The media keeps proclaiming that venture capital is going to be disrupted. Get ready for it. Mark asked the panelists, “So what should the venture communities’ response be?”
Pierre explained that the many benefits that venture capital brings to the table is very hard to disrupt for a variety of reasons. Ben gave an anecdote describing how dealing with VCs and how following lead investors can add enormous quality to investors. That kind of confidence is probably something that you wouldn’t see from a “free-form crowdfunding style model, whether that’s ICO, VC or AngelList.”
Kendrick elaborated on this point and said “I still want fundraising. I don’t think it’s disrupting venture capital as much as enhancing the ecosystem for all participants all around”. He explained that the role of venture capitalists, and venture funds cannot be displaced in that. With capital comes what is even more valuable, and that would be the network, the advice, etc. for years to come.
David also pointed out that venture capitalists are a lot more than just the money, and he shared a poignant story illustrating that there is definitely a lot of value beyond the money:
There’s a famous story of a VC going to the Silicon Valley, who early on wanted to invest in a young software company. The entrepreneur didn’t want to meet him. So, the VC phoned the secretary of this entrepreneur, found out when he was flying back to visit the Silicon Valley, bought a ticket, and finagled his way with the desk help to get to sit directly next to this entrepreneur.
The entrepreneur sitting there going like, “Why are you harassing me like this? I know you want to invest in my company, but I don’t need the money. I’m already cash flow positive. I don’t need it”.
The investor said, “I want to invest in your company. I know you don’t need my money, you need me. You need my time, my help, my advice.”
That was Dave Mark Barton. The entrepreneur was Bill Gates. The company was Microsoft. Bill Gates took the money. Didn’t need it, but took it. It was a super productive and long relationship. So, there is definitely value beyond the money.
The Regulatory Question?
Mark addressed the elephant in the room and asked the panelists “Where does the regulatory picture stand in your view? Do you think that could be a problem down the line?”
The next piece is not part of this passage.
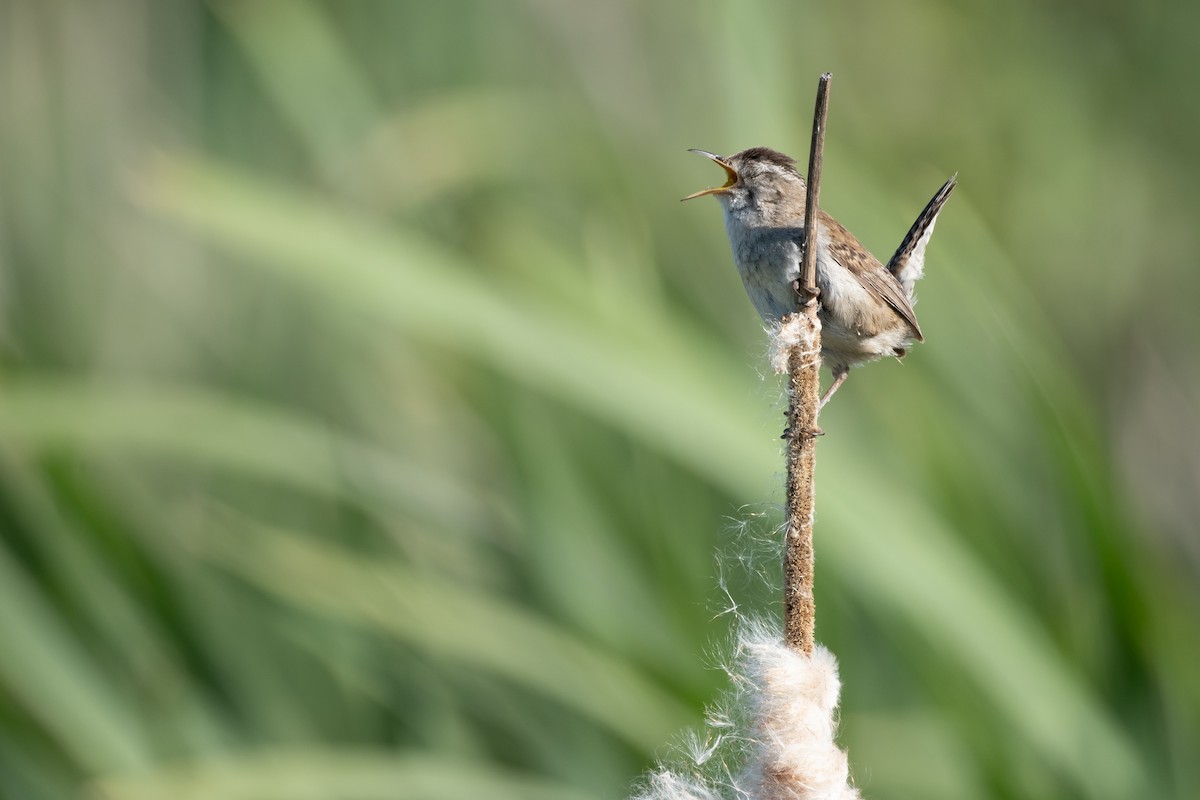 Marsh Wren - ML620558701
Kendrick described how he’s been very involved in trying to navigate and understand the changing regulatory framework as applied to cryptocurrency. “It’s the lack of clarity, and I think it’s a major problem for entrepreneurs”. Pierre explained “there is a whole lot of stuff that’s undefined”. He believes there will be a little bit more chaos and mess, however there is clarity in the sunset. Miko added “there is censorship resistance with respect to things like domicile competition”. He believes that global AML (anti-money laundering) is coming, and feels that KYC (know your customer) and AML will be non-negotiable planet-wide.
David pointed out that regulatory arbitrage, and the uncertainty is very problematic, though it can work in places like Venezuela. For those who want to be serious investors, “certainty is good, and a bit more transparency”. It’s important that we understand the rules, “because it’s too fuzzy, it’s too quick-sodded right now”. Ben added that the decision you make for how to fundraise is one that only you can make. “It’s gonna be made on a whole lot of different criteria including return horizons, and return beliefs. If that serves your needs, that’s great. I’m not negative on that at all”.
This panel took place Tuesday, August 21, 2018 and was hosted by Tobin Dommer, Partner Sheppard Mullin and Pemo Theodore Founder/CEO & Executive Producer FinTech Silicon Valley to discuss the interplay between traditional Venture Capital, and the new funding models known as Fintech, Blockchain, and the Token Economy.